What you write must match, character for character, the lines from the one with "勞動(dòng)糾紛，" down to the one with "Michael Heras’s Newly" in the listing below, minus its pictures.

RECORD EXTRACTS:
====

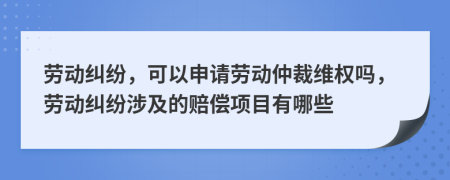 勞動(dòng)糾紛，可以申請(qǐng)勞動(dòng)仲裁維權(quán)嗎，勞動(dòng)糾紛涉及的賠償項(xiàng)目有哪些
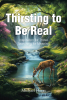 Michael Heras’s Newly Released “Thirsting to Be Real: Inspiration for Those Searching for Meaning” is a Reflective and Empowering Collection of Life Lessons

====

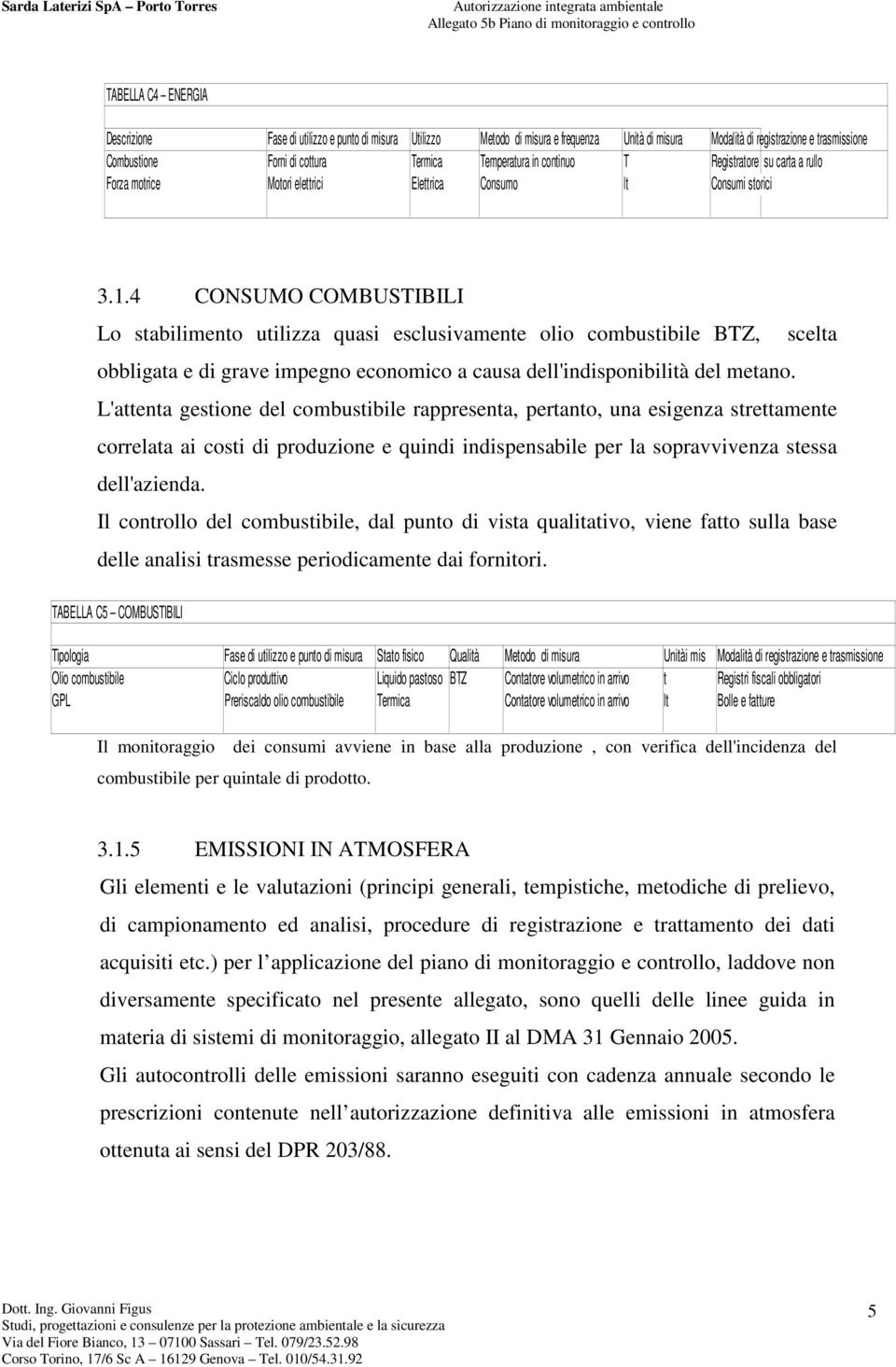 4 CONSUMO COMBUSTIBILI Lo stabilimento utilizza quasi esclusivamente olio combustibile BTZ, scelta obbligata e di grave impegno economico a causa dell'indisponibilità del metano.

====

EXERCISE ANSWER:
 勞動(dòng)糾紛，可以申請(qǐng)勞動(dòng)仲裁維權(quán)嗎，勞動(dòng)糾紛涉及的賠償項(xiàng)目有哪些
 Michael Heras’s Newly Released “Thirsting to Be Real: Inspiration for Those Searching for Meaning” is a Reflective and Empowering Collection of Life Lessons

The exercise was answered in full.